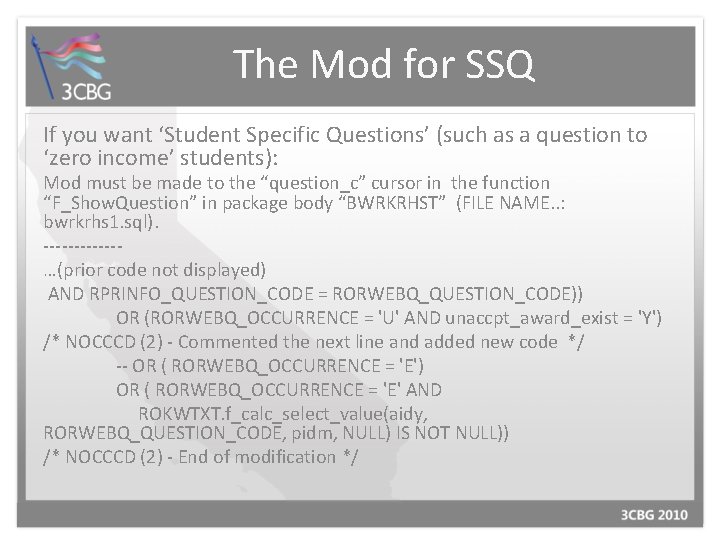 The Mod for SSQ If you want ‘Student Specific Questions’ (such as a question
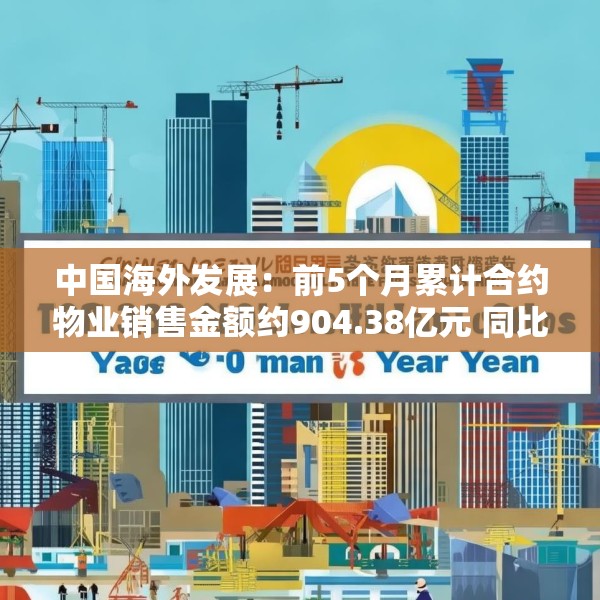中国海外发展：前5个月累计合约物业销售金额约904.38亿元 同比下跌11.1%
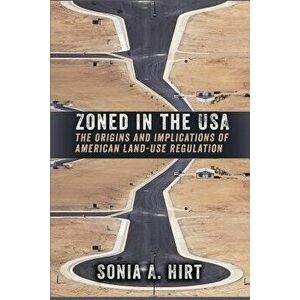 Zoned in the USA: The Origins and Implications of American Land-Use Regulation, Paperback - Sonia A. Hirt imagine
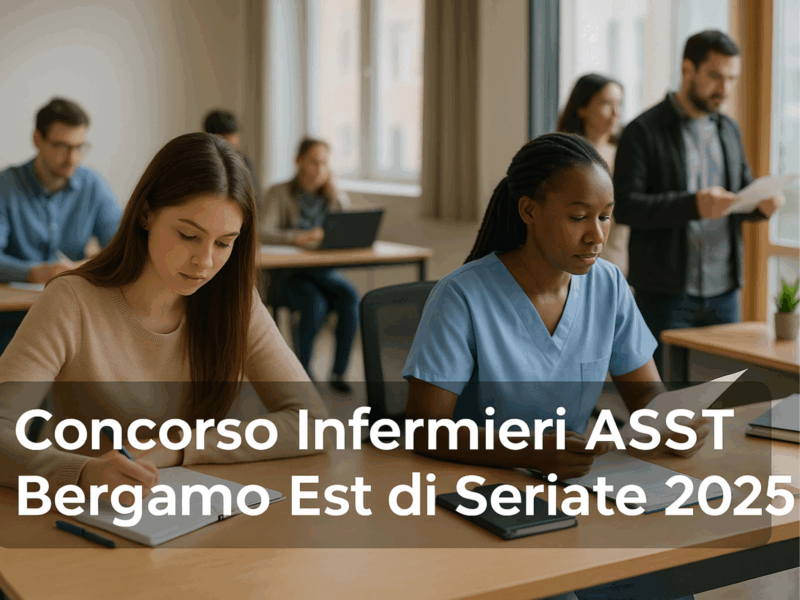 Concorso Infermieri ASST Bergamo Est di Seriate 2025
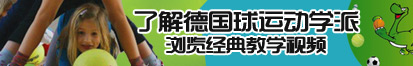 操逼视频靠近我了解德国球运动学派，浏览经典教学视频。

**What is needed**
Beginning with the line that contains "Zoned in the" and ending with the last line of the data, transcribe each line exactly; pictures stay out.

**Your response**
 Zoned in the USA: The Origins and Implications of American Land-Use Regulation, Paperback - Sonia A. Hirt imagine
 Concorso Infermieri ASST Bergamo Est di Seriate 2025
 操逼视频靠近我了解德国球运动学派，浏览经典教学视频。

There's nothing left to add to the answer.